• _TASK BRIEF_:
In the listing below, find the line containing "Nachtkastje met lade" and the line containing "Produktbild von MjAMjAM", then copy exactly everything from the first through the second, except the pictures.
((
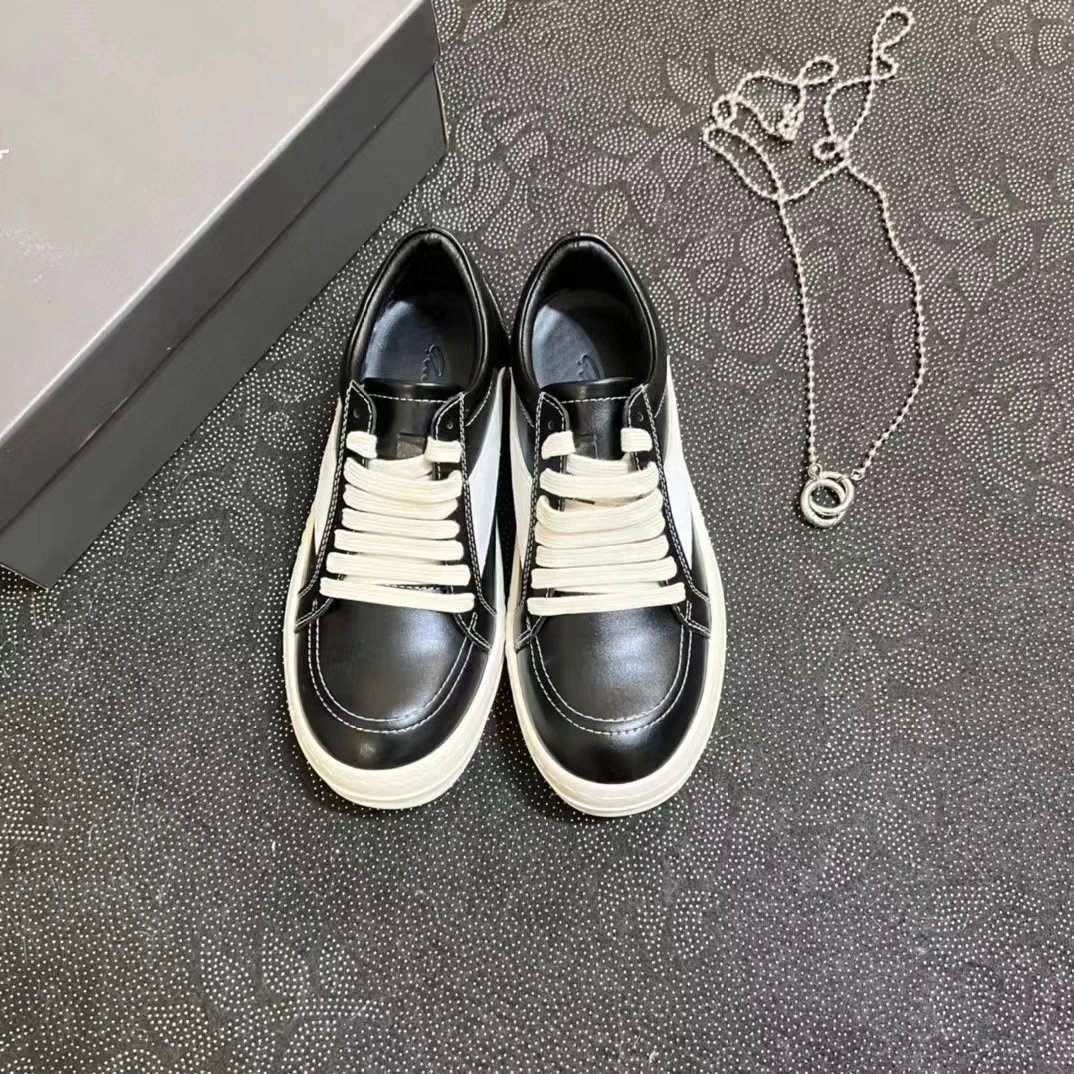 Rick Owens Sneakers Low-Top Side-Stripe with Thick Rubber Soles image 3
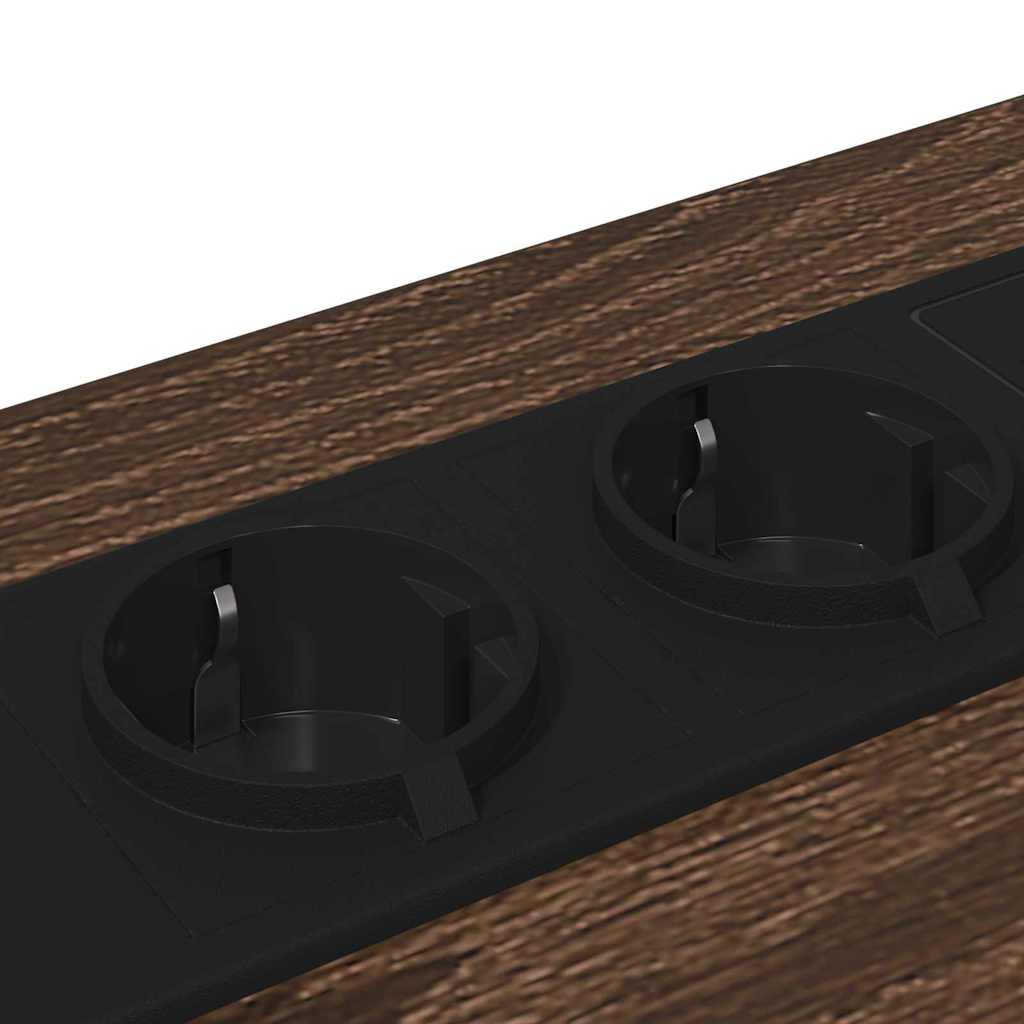 Nachtkastje met lade Bruin Eiken 42 x 41 x 56 cm Bewerkt hout is nu te koop bij PeponiXL, paradijselijk wonen!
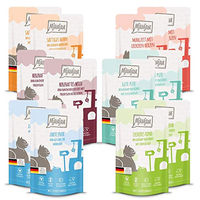 Produktbild von MjAMjAM Premium Nassfutter für Katzen Quetschie Mixpaket Adult Getreidefrei ohne Zucker 12 x 125 g - 12 x 125 g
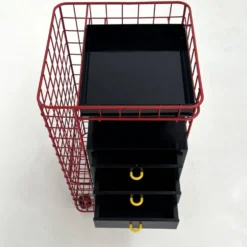 Commode à tiroirs en métal postmoderne, 1980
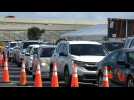 Cars line up at Miami Covid testing site ahead of Thanksgiving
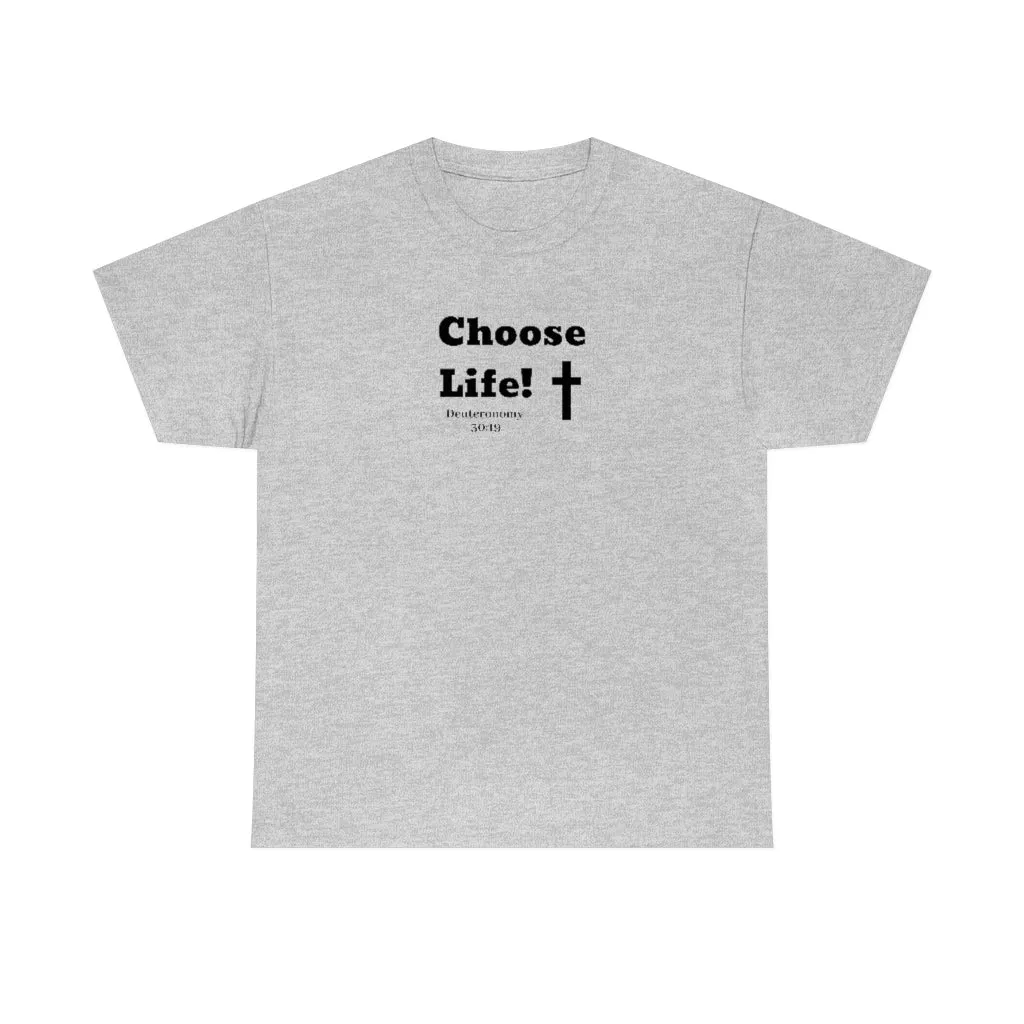 Choose Life 2.0 Women Unisex Heavy Cotton Tee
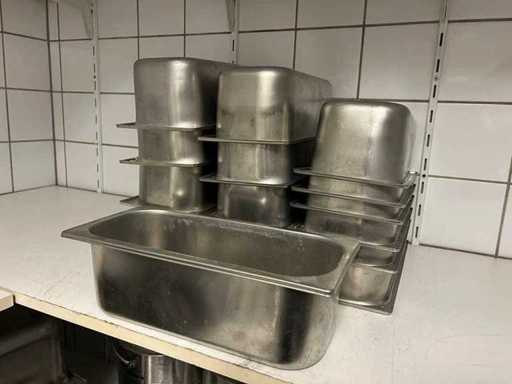 Plateau gastronorm - 1/4GN-120 (15x)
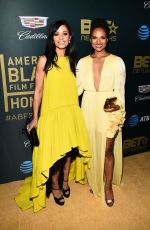 META GOLDING at American Black Film Festival in Los Angeles 02/25/2018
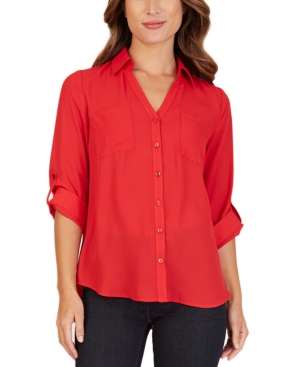 image of Bcx Juniors- Tab-Sleeve Top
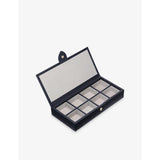 Smythson leather cufflinks box Panama 20cm, UK version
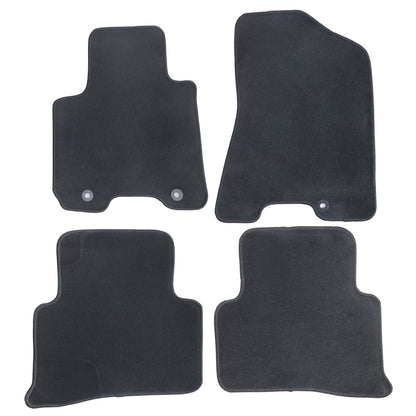 For 2016-2021 Hyundai Tucson Front & Rear Velour Floor Mats Carpet Black 4PCS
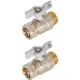 Кран шаровой прямой СТМ CWPM1220K02 1/2"x20 мм НР PN16 латунь ручка бабочка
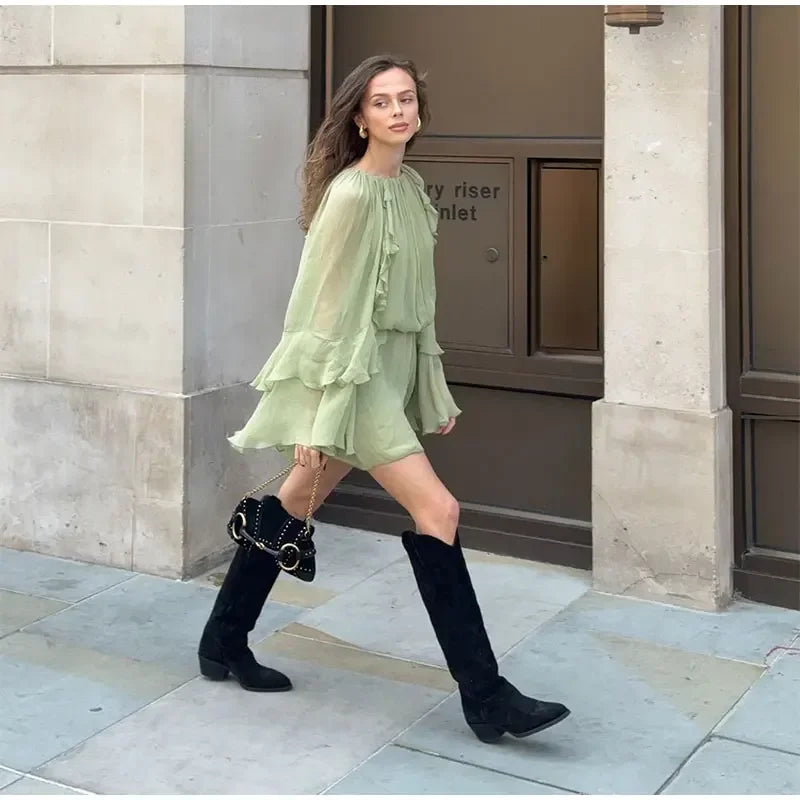 robe légère verte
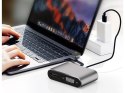 Adapter przejściówka usb-c do hdmi 4k vga hub usb 3.0 usb-c power delivery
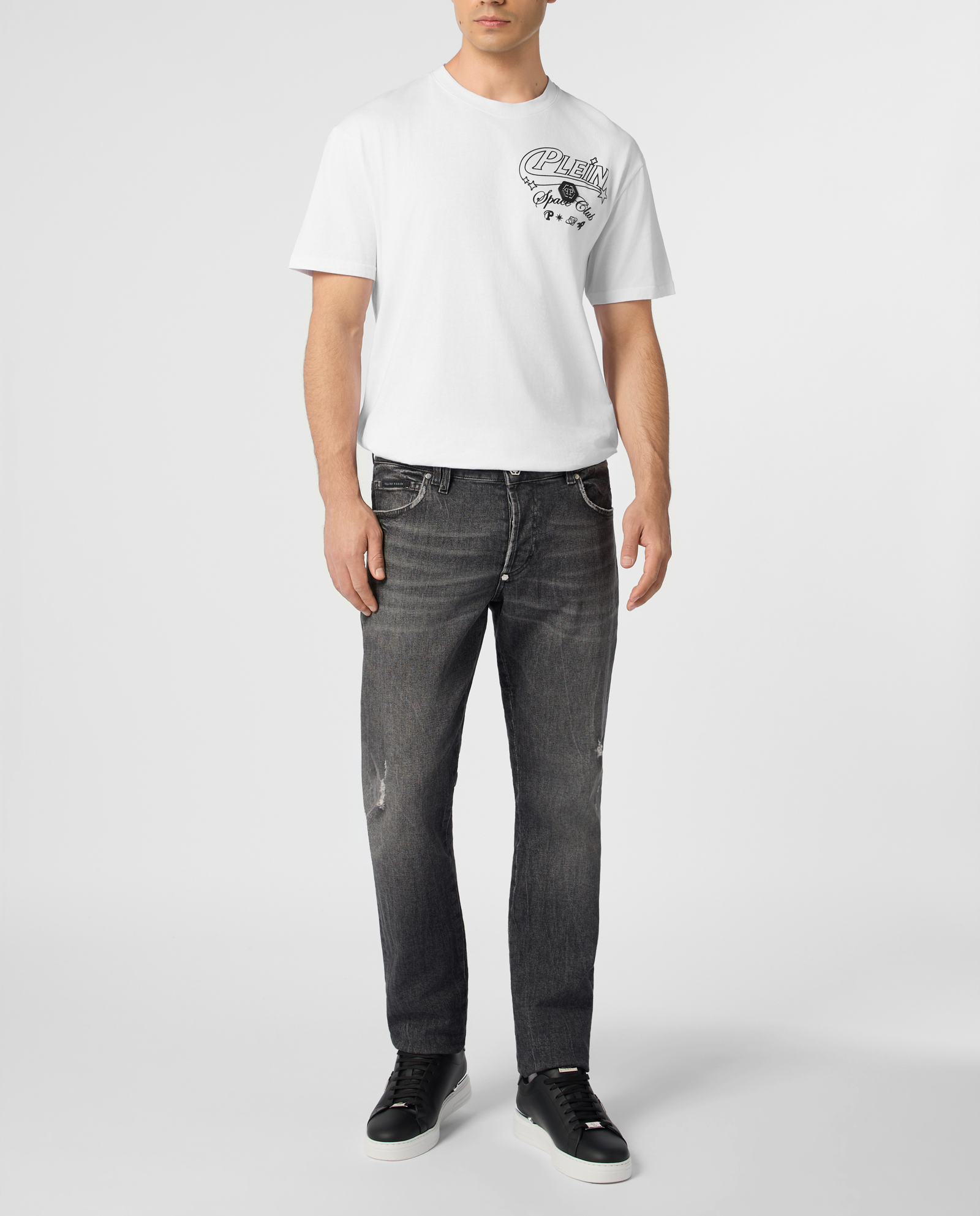 Biały t-shirt z napisami - Image #2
))
• _EXPECTED ANSWER_:
 Nachtkastje met lade Bruin Eiken 42 x 41 x 56 cm Bewerkt hout is nu te koop bij PeponiXL, paradijselijk wonen!
 Produktbild von MjAMjAM Premium Nassfutter für Katzen Quetschie Mixpaket Adult Getreidefrei ohne Zucker 12 x 125 g - 12 x 125 g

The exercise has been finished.